Since meeting my partner, I have gotten a little better. Mainly because he would find it so annoying that I would bypass a whole section of the supermarket, or dart passed the aquarium in the mall, or shake if someone at our table would order seafood… He made me go into intensive training. Really! We bought tickets to go through the aquarium tunnel in Dubai Mall!!
I cant tell you how absolutely awful it was. I honestly wanted to cry and run. But I did it. I hated every moment, but I did it. I will now walk passed the aquarium instead of run… but still won’t look at it. I will not sit at a different table if someone orders seafood… but I certainly don’t feel comfortable and probably won’t eat all of my food.
It has this completely bizarre hold over me. So, it is safe to say, my omega levels have always been on the low side! I do not care if the omega capsule is ‘orange’ flavoured. I still know what it is!
I was then told, by a lovely friend of mine, about Chia seeds. Never heard of them. No idea what they were. She told me that they were a teeny tiny seed, entirely flavourless and very versatile. She said they were incredibly high in Omega 3 fatty acids, even more so than Flax seeds! And it has another advantage over flax: chia is so rich in antioxidants that the seeds don’t deteriorate and can be stored for long periods without becoming rancid.
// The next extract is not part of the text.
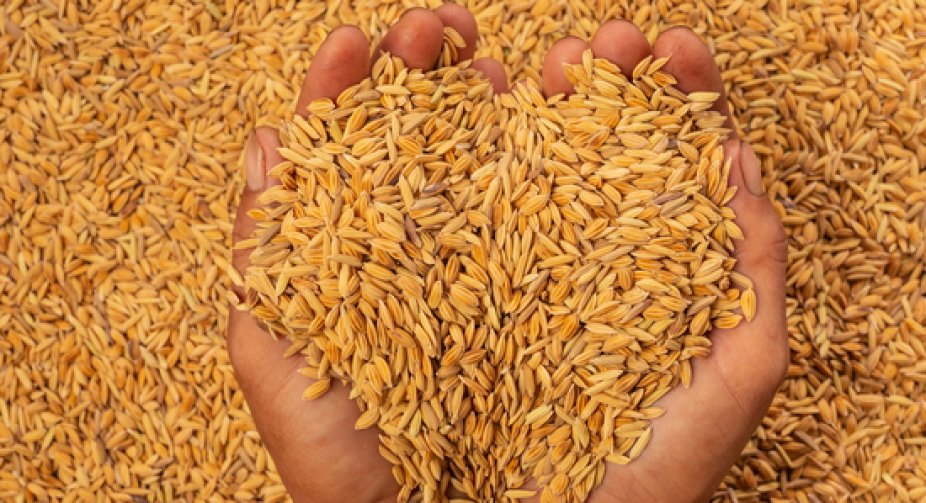 Ankara announced a meeting of representatives of Russia, Ukraine and Turkey regarding the grain agreement on May 5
And, unlike flax, they do not have to be ground to make their nutrients available to the body. Chia seeds also provide fibre (25 grams give you 6.9 grams of fibre) as well as calcium, phosphorus, magnesium, manganese, copper, iron, molybdenum, niacin, and zinc.
When added to water and allowed to sit for 30 minutes, chia forms a gel. Researchers suggest that this reaction also takes place in the stomach, slowing the process by which digestive enzymes break down carbohydrates and convert them into sugar.
The seeds themselves taste rather bland, so you can add them to pretty much anything. They also don’t need to be ground like flax seeds, which makes them much easier to prepare. They can be eaten raw, soaked in juice or water, added to porridges and puddings or added to baked goods. You can also sprinkle them on top of cereal, yogurt, vegetables or rice dishes…. I add a spoonful to my porridge every morning!
A 1 ounce (28 grams) serving of chia seeds contains:
◦Fibre: 11 grams.
◦Protein: 4 grams.
◦Fat: 9 grams (5 of which are Omega-3s).
◦Calcium: 18 % of the RDA.
◦Manganese: 30 % of the RDA.
◦Magnesium: 30 % of the RDA.
◦Phosphorus: 27 % of the RDA.
◦They also contain a decent amount of Zinc, Vitamin B3 (Niacin), Potassium, Vitamin B1 (Thiamine) and Vitamin B2.
Bottom Line: Despite their tiny size, chia seeds are among the most nutritious foods on the planet. They are loaded with fibre, protein, Omega-3 fatty acids and various micronutrients. Chia seeds are high in antioxidants that help to protect the delicate fats in the seeds. They also have various benefits for health.Almost all of the carbohydrates in chia seeds are fibre. This gives them the ability to absorb 10-12 times their weight in water. Fibre also has various beneficial effects on health. Chia seeds are high in quality protein, much higher than most plant foods. Protein is the most weight loss friendly macronutrient and can drastically reduce appetite and cravings.Chia seeds are high in calcium, magnesium, phosphorus and protein. All of these nutrients are essential for bone health. A study in type 2 diabetics showed that chia seeds can significantly lower blood pressure and a marker for inflammation.
Pick some up from your supermarket or health food store!! They are an amazing addition to your lifestyle with humongous benefits!!